From Vitalik, on the link you shared:
> That chart is highly misleading. 300 GB is the size of a full archive node, which stores the history, present state and all historical states. The state itself is only ~1-2 GB and the history is ~10 GB. A pruned node would still store the full state and history, and so would be able to recompute any historical state if you really needed it, but it would only consume around 20 GB. If you only care about present state, you can go much lower.
>Ethereum has a different blockchain design and ledger security properties than Bitcoin, an archival node is not required for a similar level of security (and is quite extraneous).
doesn't bitcoin also have a feature similar to this? except bitcoin's pruned node takes ~3GB rather than etherum's 20GB.
> doesn't bitcoin also have a feature similar to this? except bitcoin's pruned node takes ~3GB rather than etherum's 20GB.
No, not in the same way. A pruned Bitcoin node loses validation/state that you can't reconstruct, it does not have the same security properties. See the links in my comment.
Yes, it is in the same way. In both cases you keep enough state to verify future transactions but not enough to rebuild up to the current state if it were to get corrupted. I don't see anything in your links that says otherwise.

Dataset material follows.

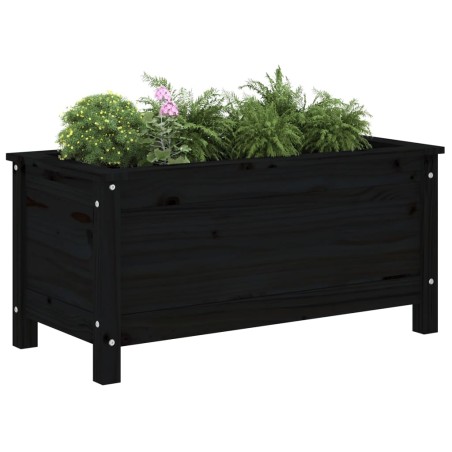 vidaXL Jardinera madera maciza de pino negro 82,5x40x39 cm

The difference is that it's possible for new Etherium nodes to sync up using just the current state without having to trust the node they got it from or process the history, whereas new Bitcoin nodes have to either process the entire transaction history themselves or trust someone to give them a valid state copy. Also, pruned Bitcoin nodes are more analogous to Etherium nodes which only store the current state without any history (~1GB according to that link). I think the pruned nodes vbuterin talks about are roughly equivalent to unpruned Bitcoin nodes.
Nope, Ethereum fast sync has to trust that peers don't give it an invalid state (it checks that all it's peers have the same state, but that is much weaker protection). https://github.com/ethereum/go-ethereum/pull/1889
A 25 GB pruned Ethereum node is the same as a Bitcoin full node. A pruned Ethereum node is one that has pruned all intermediate states (the state refers to all account balances at a given block), which Bitcoin full nodes don't store (Bitcoin full nodes only keep a copy of the latest block's state, Ethereum full nodes keep a copy of every block's state).
So a pruned Ethereum node and a Bitcoin full node both have the entire transaction history and the current state.